Opinion - E-mail received by
the Closet Atheist
Received 12.02.2000
Dear Closet Atheist,
I'll start by telling you that it took me about 4 years to come to the conclusion that a god existing is ridiculous. I think about it all the
time. I think people made up religion to 1) explain the unexplained, and 2)
for security. To explain the second one, I believe that people made up
religion, or at least the heaven and hell aspects of it, because they
do not want to accept the death of a loved one, that they will see them when
their life ends. Now, I will tell you, I had one of my closest friends die
in September (I had made the decision that god did not exist before this
happened). I would love to tell myself I will see her again, but that
fact is that I will not. I do not want to accept this, but I must. I will
not
stand for a false sense of security.
To get to my main point, I think people will look down upon me if
I let my views be known. I have friends who I like very much, heated arguments
could occur. But, keeping this all in really boils me up. People are
so wrong, so stupid, so egotistical, it bugs the hell outta me, and I know
I can never change their views. I don't know how much longer I can keep
it in before I just bust out in public once someone makes a reference to
their faith in god.
Any help or comments?
Much appreciated,
Will
My Reply:
Will,
It is easy to believe in God. It is comforting and makes us feel important. Who doesn't want to believe that we are the creator of the universe's most cherished creatures! The entire universe, billions and billions of stars, was created just for Christians, a fraction of the people on a single planet! We will live forever! When you die, things will just get better!

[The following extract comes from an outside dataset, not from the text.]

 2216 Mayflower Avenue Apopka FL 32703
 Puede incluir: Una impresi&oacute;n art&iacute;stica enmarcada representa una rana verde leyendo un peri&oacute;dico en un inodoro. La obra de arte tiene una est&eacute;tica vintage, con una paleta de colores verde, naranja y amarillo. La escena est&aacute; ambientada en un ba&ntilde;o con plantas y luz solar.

On the few occasions were I have tried to comfort someone who has lost a loved one, I have had to fight the compulsion to tell them that things are better for the departed. It is a difficult time and there is
nothing one can say that will be comforting. You know first hand how such a tragic event causes one to turn to hope for the afterlife.
As far as the problem with your friends, let your feelings be your guide. Religion or lack of it, is a very personal thing. Announcing your
ideology to casual acquaintances may make them uncomfortable and some of them may take it as a challenge to convert you.
It is not necessary to declare you are an atheist to speak your mind accurately. For example, if someone tells you about a miracle they heard about, point out what really might have happened other than divine intervention.
For people you are close with, examine your motives. Do you want to tell them so you can be openly critical of their beliefs? If so, you're better off not saying anything.
If you want to tell them because keeping it a secret makes you feel insincere, then it is probably the right thing to do. Let them know that you have something important to say and be honest about your fear that it will hurt your friendship. Tell them that you respect their beliefs and hope they can respect yours.
One last thing, don't let others' religious beliefs make you angry. You are right that you will probably never change anyone's views, but a soft spoken, respectful critic is less likely to receive a defensive response.